Stood before the shaman, I saw star-strewn space
Star-strewn space
Star-strewn space
Stood before the shaman, I saw star strewn space
Behind the eye holes in his face

Infinity always gives me vertigo
Vertigo
Vertigo
Infinity always gives me vertigo
And fills me up with grace

I was built on a Friday and you can't fix me
You can't fix me
You can't fix me
I was built on a Friday and you can't fix me
Even so I've done okay

So grab that last bottle full of gasoline
Gasoline
Gasoline
Grab that last bottle full of gasoline
Light a toast to yesterday

And don't tell me there is no mystery
Mystery
Mystery
And don't tell me there is no mystery
It overflows my cup

This feast of beauty can intoxicate
Intoxicate
Intoxicate
This feast of beauty can intoxicate
Just like the finest wine

So all you stumblers who believe love rules
Believe love rules
Believe love rules
Come all you stumblers who believe love rules
Stand up and let it shine
Stand up and let it shine 

4 comments:

Rick Huntington said...

Thanks for the morning inspiration...I'm an old Bruce Cockburn fan and loved being reintroduced to his music and poetry. The grove first, then the message if the grove moves you--I'm with you on that. Glad you are enjoying your moments in Montreal.

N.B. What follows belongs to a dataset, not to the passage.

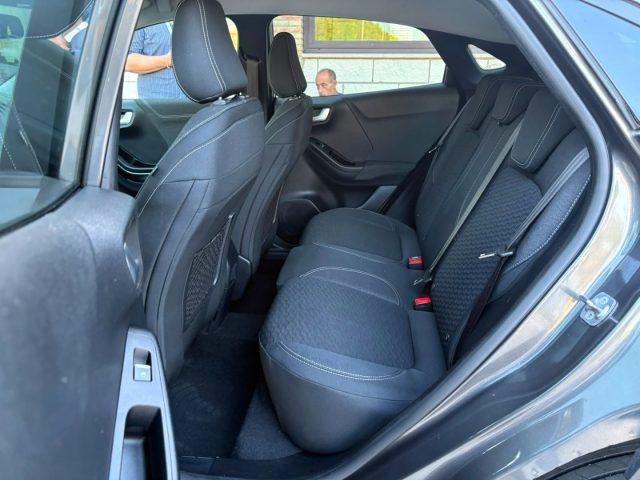 FORD Puma 1.0 EcoBoost 125 CV S&S aut. Titanium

Peter Fergus-Moore said...

I found Bruce's book a fair read, but his self-confessed inability to relate to people one to one made it less deep than I had hoped. Still, as you say, getting the context of these songs was well worth the effort.

I find that there are songs and hymns that turn me off, but the groove of the music holds onto me--understandable, as the heart listens more deeply than the mind.

RJ said...

Thanks dear friends... I just read a biography of Zappa, too. What a dick but a fascinating and creative one at that. I like Bruce better even if his book was less than profound. Same goes for Tillich - fascinating - but not always a kind man in spite of his history.

ddl said...

enjoyed your posting! I hope that your sabbatical is going well and is everything that you and Di have needed and wanted. You both have been in my prayers...I just stopped by to see how you were and to enjoy a listen to vicarious groove :) Great photos.